Margin lending is a process whereby an investor borrows money to buy shares using their current share holdings as collateral.
For example, at the moment, Commonwealth Securities will loan you the money to buy seven additional shares in National Australia Bank for every three shares you own (Leverage = 70%). It will lend you the money to buy four Arana shares for every six shares you own (Leverage = 40%).
Using NAB as an example and holding 30 shares at $50 each, Commsec will lend $3500 for 70 more shares giving an investment of 100 shares for $5000. If the share price falls to $40 a share the total investment is worth $4000 and the leverage has moved up to 87.5 percent and you will receive a margin call and will have to either sell some of the shares bought with borrowed money or buy more of your own shares.
Taking out a margin loan can see your net worth increase dramatically in a good market. In a bad market it can have devastating effects on your net worth, as Eddy Groves of ABC Learning found out. Falls in the price of ABC Learning saw Eddy forced to sell all but 3000 of his 20 million shares.
Obviously, this isn’t good for Eddy, but it also isn’t good for other ABC shareholders because the dumping of such a large quantity of stock on the market pushes the share price down further.
With Tricom and Opes Prime, clients take out a lending agreement, as opposed to a simple margin loan, where legal ownership of the shares passes from the client to Tricom and Opes Prime.
These companies can then make money from the stocks they now own by using them to finance loans in places where they can take advantage of rate differentials or loan the stock out to be short sold.

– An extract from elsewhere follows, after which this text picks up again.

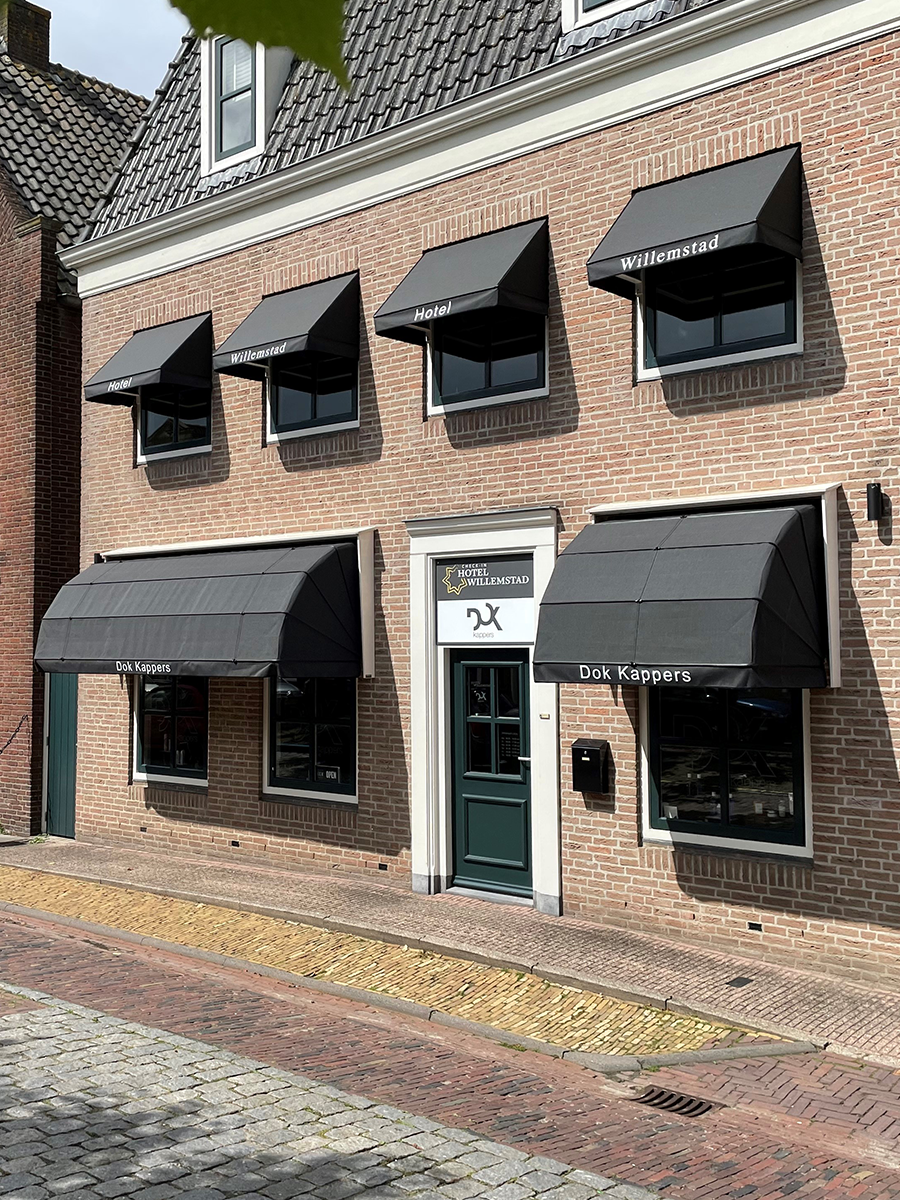 De gevel van Hotel Willemstad met zwarte markiezen aan de Voorstraat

If markets move away from them, however, they can suffer the same fate as Eddy Groves. Even worse, when a company such as Opes Prime goes under, all clients can do is wait until the dust settles to see what is left because, having given up ownership of their shares, they are just another unsecured creditor.
Having taken the long way around, what does this mean for biotech stocks?

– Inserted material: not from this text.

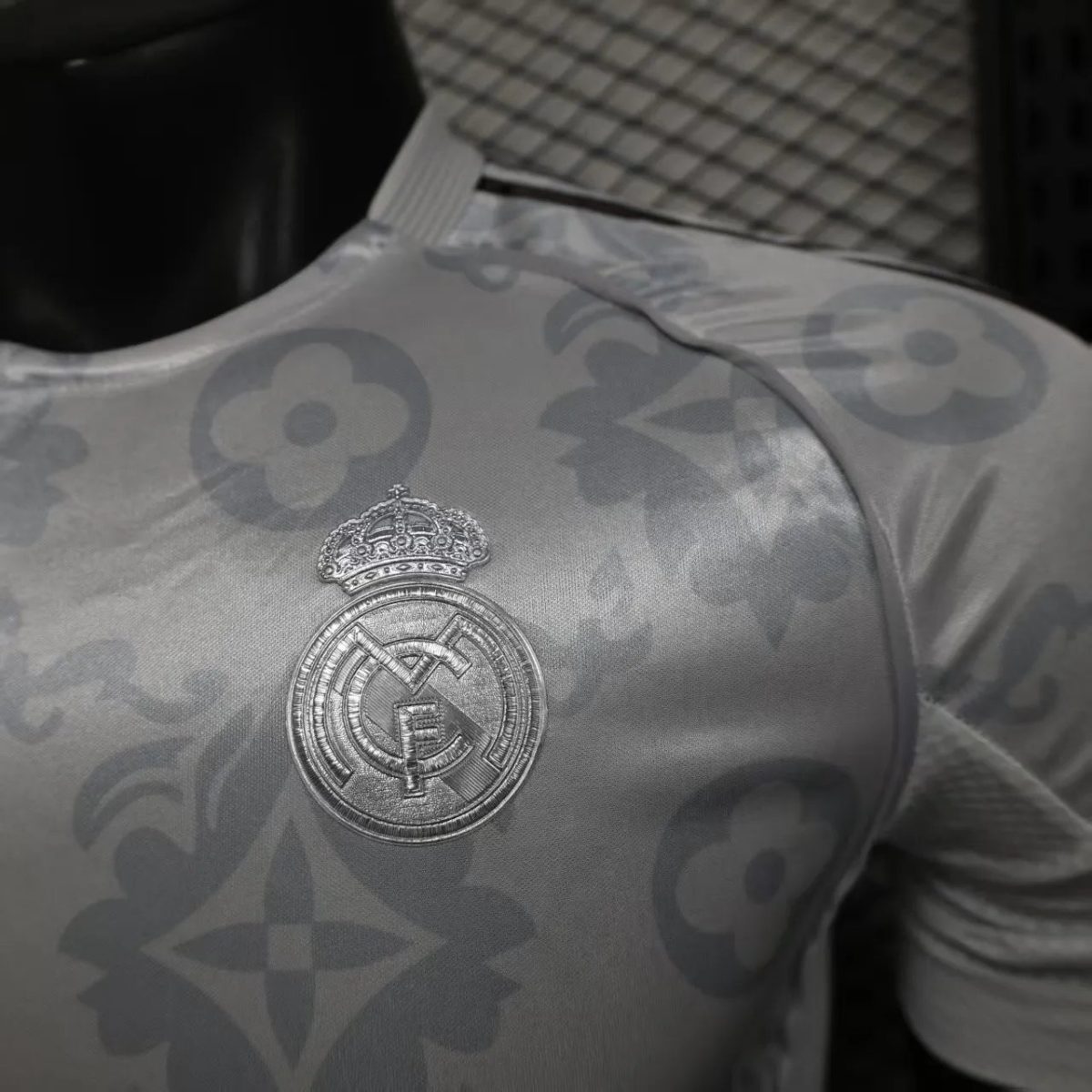 Close-up of a silver Real Madrid crest embroidered on a patterned sports jersey.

So far, it seems to have meant little with no real stories of problems surfacing. Problems have surfaced with speculative resource stocks, such as Admiralty Resources and given the similarities between resource and biotech stocks, at least some problems seem likely to occur eventually in the biotechnology sector.
It seems unlikely that listed biotech companies will take a concentrated hit given the bigger investors in the sector take a much more responsible approach to their investing.

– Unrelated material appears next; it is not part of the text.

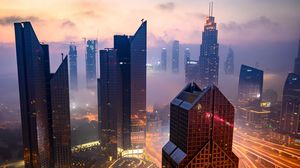 Preview wallpaper city, buildings, aerial view, road, lights, fog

For biotech investors, company directors included, I think the lesson to be learned is simple: these stocks are too volatile and illiquid to leverage yourself into, to any great extent, if you have a poorly diversified portfolio.
It may well come back to bite you and quite possibly other shareholders.
The other lesson is that investors should scan the registers for large highly-leveraged investors that may add to the risk of a stock before investing in it themselves.
Since seeing the financing arrangements of other shareholders is very difficult, the challenge for the regulators is how to make this risk visible.
In a phrase the message on margin lending is: don’t do it with high risk stocks.